(Beginning of INPUT DATA)

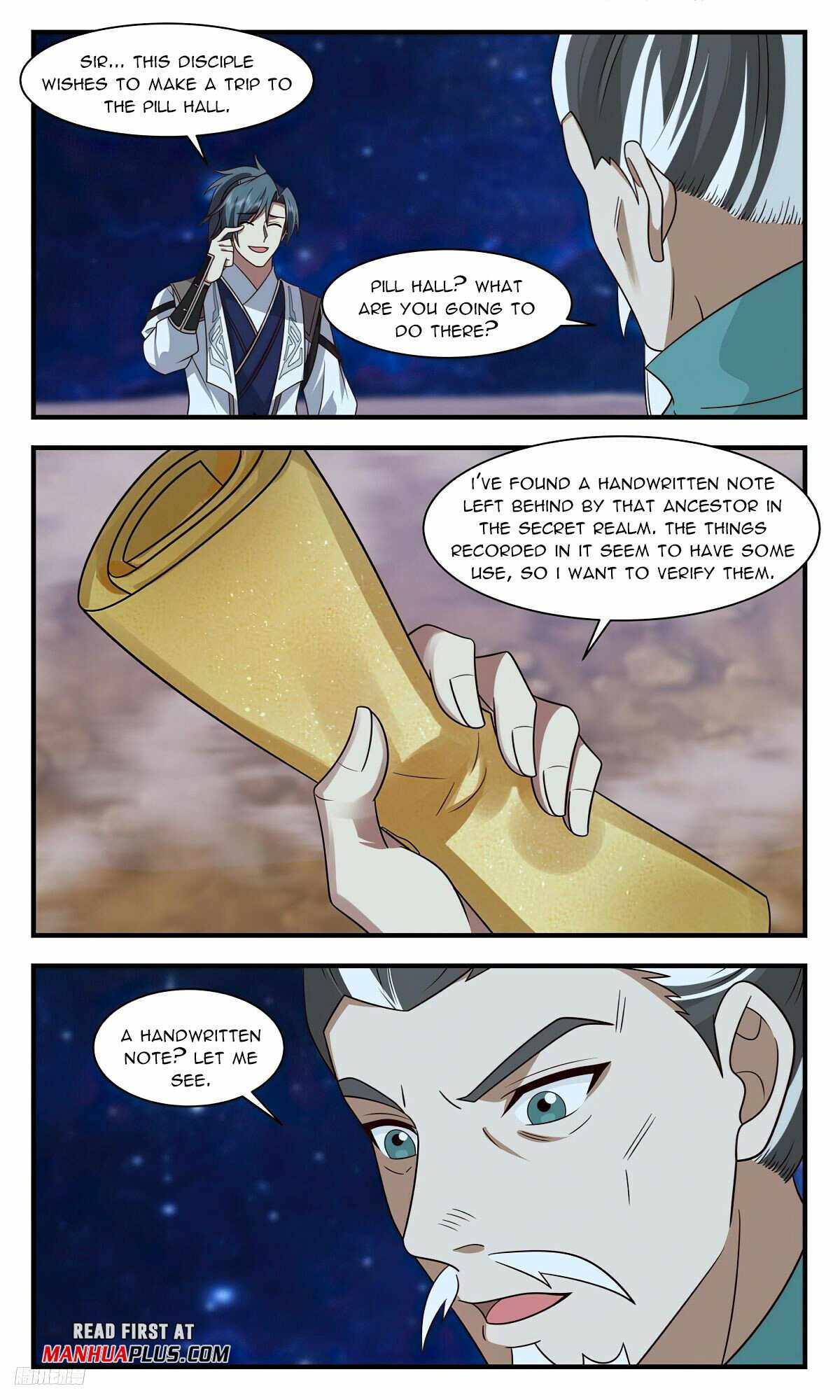 Page 11 of Chapter 3097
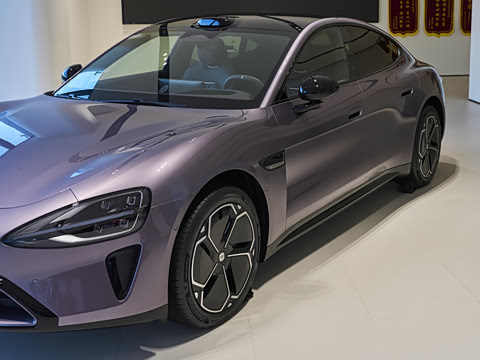 2026�� Pro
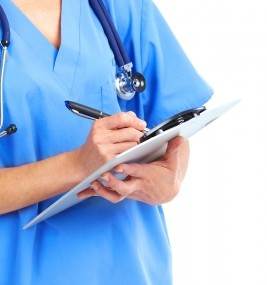- scrisoare servicii medicale 26 - Asiguraţii vor primi de anul viitor o scrisoare cu serviciile medicale decontate de CNAS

(End of INPUT DATA)

TASK TO CARRY OUT = Leaving each image aside, repeat the listing above exactly.

RESULT FOR THIS EXERCISE =
 Page 11 of Chapter 3097
 2026�� Pro
- scrisoare servicii medicale 26 - Asiguraţii vor primi de anul viitor o scrisoare cu serviciile medicale decontate de CNAS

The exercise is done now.